3D Printing Before Moving to Manufacturing
In the Parallel18 program, Parknet crossed paths with re:3D.
They began using Gigabot to 3D print enclosures for their printed circuit boards, or PCBs. “We can build a box in like, two hours, and we can test it before we send it to the manufacturer,” Antonio explains. “The manufacturer had a minimum of 10 boxes, and if it didn’t work correctly, we were going to waste 10 boxes.”
Once they finalized the enclosure design, they moved to a sheet metal forming process, but they continued to turn back to Gigabot for custom requests. “One of the advantages is that we can offer a customer a custom design,” Antonio says. “If they want a diamond shaped scanner, we can build it for them. If they want it embedded into a gypsum board, we can also do that.”
One Parknet customer in San Juan who has requested a diamond-shaped scanner is El Almacén, a speakeasy-style bar tucked away just off the buzzing square of La Placita.
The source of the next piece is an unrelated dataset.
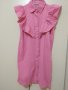 Дамска розова рокля с копчета и къдри, снимка 1 - Рокли - 32762334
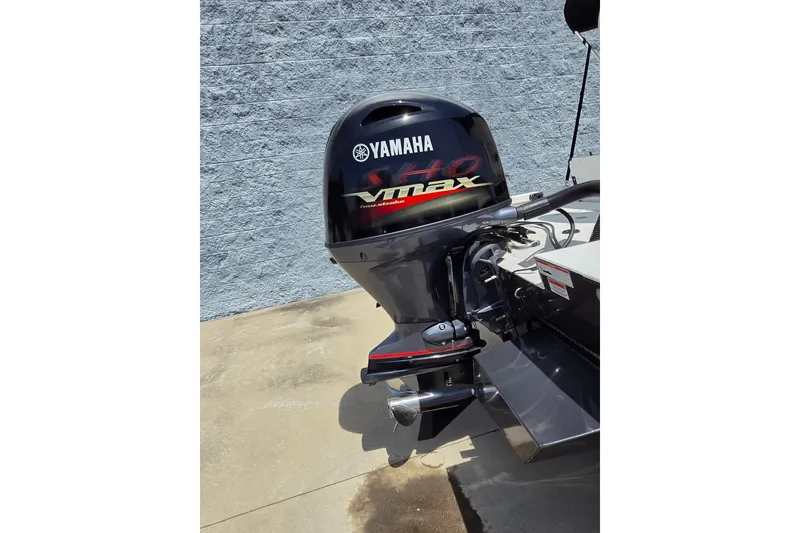 Slide: The Image of Yamaha VMAX outboard motor on 2022 G3 Bay 18 GX boat. - 3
They’re using Parknet’s technology to text message patrons digital keys and grant them entry to the bar with the swipe of a phone. The door unlocks and the e-key-holder descends into an old-timey themed lounge.
It also gives the bar the marketing opportunity to track and quantify their marketing. They can compare how many people the text message key was sent to and how many people used it, rather than their old method, which was a post on their Facebook page with the password for the night. There is also the location-based aspect of it – if a patron gets within a certain radius of the bar, their phone will remind them that they have a key to the nearby locale.
Moving Forward Post-Maria
It’s just past the one year anniversary of Hurricane Maria’s landfall.
Puerto Rico has recovered fairly well given the incredible destruction of the storm. The land itself looks lush and green, and the people I spoke with are propelled by a resilient spirit and a desire to rebuild and strengthen their island for the future.
Antonio is one of those very people. Parknet came out the other side of Maria arguably a stronger company, with more applications and a wider customer base than he and Alan had originally imagined. It’s been a big cycle for them that has taken them through multiple major pivots in the company’s lifespan.
After the trials of Maria, Parknet is now focused back on gated communities and apartment complexes and is ready to tackle their original vision of parking lots.